Título: Liberação é insuficiente, dizem grupos de direitos humanos
Autor: Marcelo de Moraes e Vannildo Mendes
Fonte: O Estado de São Paulo, 03/04/2006, Nacional, p. A10

A revelação de documentos dos arquivos secretos da ditadura, que estavam nas mãos da Agência Brasileira de Inteligência (Abin), anima os integrantes dos movimentos de direitos humanos. Eles afirmam, no entanto, que ainda permanecem sob o controle de integrantes das Forças Armadas os documentos mais importantes, aqueles que podem ajudar na localização dos corpos de pessoas desaparecidas durante a ditadura.

Na avaliação dos movimentos de direitos humanos, os documentos que hoje estão sob a guarda do Arquivo Nacional já teriam passado por um processo de depuração, durante o qual foram eliminados os papéis considerados comprometedores. Para o presidente da Comissão de Direitos Humanos da Câmara, deputado Luiz Eduardo Greenhalgh (PT-SP), a situação está muito longe do ideal.

"A decisão do governo de abrir os arquivos da Abin é positiva no sentido da tentativa de obter o conhecimento da verdade histórica de um período repressivo da ditadura militar", pondera o deputado.
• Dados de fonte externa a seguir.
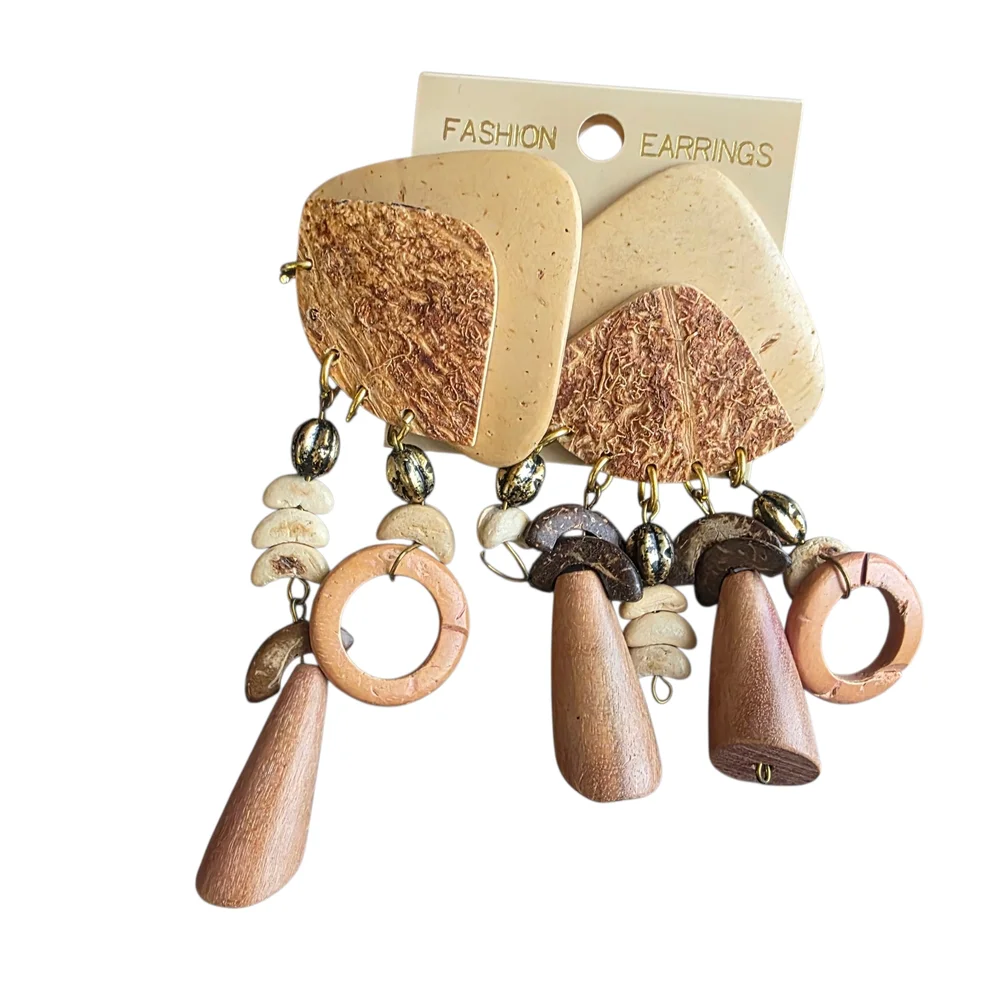Bohemian Wood & Coconut Shell Dangle Earrings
Mas logo ressalva: "Entretanto, minha opinião é que, nesses arquivos que estão sendo abertos, muitos informes já foram peneirados, retirando fotos, informações e nomes de responsáveis, de tal forma a não comprometê-los. Mas isso vem acontecendo num processo sistemático desde 1982. Por isso tenho que elogiar a iniciativa de abrir esses arquivos, mas também tenho que ficar com o pé atrás."

GUERRILHA

O deputado acredita que nem todos os documentos foram destruídos: "Tenho certeza de que há documentos minuciosos ainda no interior das Forças Armadas, especialmente sobre a guerrilha do Araguaia", afirma. "Eles podem ajudar a encontrarmos os corpos das pessoas que desapareceram lá."

Para Jair Kirschke, fundador e dirigente da ONG Movimento de Justiça e Direitos Humanos, os arquivos que o governo está liberando não são os mais importantes. "Isso é perfumaria", diz. "Os documentos mais importantes, que implicam militares com torturas e assassinatos e os que permitiriam a localização de mortos e desaparecidos, não foram entregues."
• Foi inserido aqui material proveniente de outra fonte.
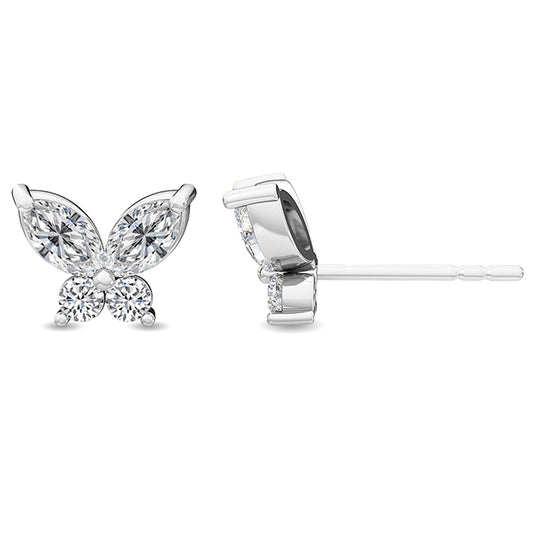 18K Round Cut Nature Diamond Cluster Earrings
Kirschke não acredita que os registros mais comprometedores tenham sido destruídos. "Foram microfilmados e continuam escondidos nos porões militares", diz o ativista. Para ele, o governo Lula foi decepcionante, porque não teria atuado com firmeza para liberar os documentos.

"As ONGs e militantes de direitos humanos perderam a esperança no governo Lula", afirma Kirschke. "Estamos muito atrasados em relação à abertura dos arquivos na Argentina, Chile, Uruguai e até no Paraguai. Estamos no último ano do governo e Lula sequer recebeu os familiares de desaparecidos."

Na avaliação de Greenhalgh, algumas medidas do governo poderiam ajudar na recuperação de arquivos e informações ainda em poder de setores militares. "Poderia ser dada, por exemplo, autorização pública oficial pelos militares no sentido de permitir que pessoas que tenham documentos ou arquivos particulares pudessem entregá-los no Arquivo Nacional sem medo de serem punidas."

O deputado acredita que existem pessoas que não entregam os arquivos pessoais por medo. "Eles temem sanções disciplinares", afirma.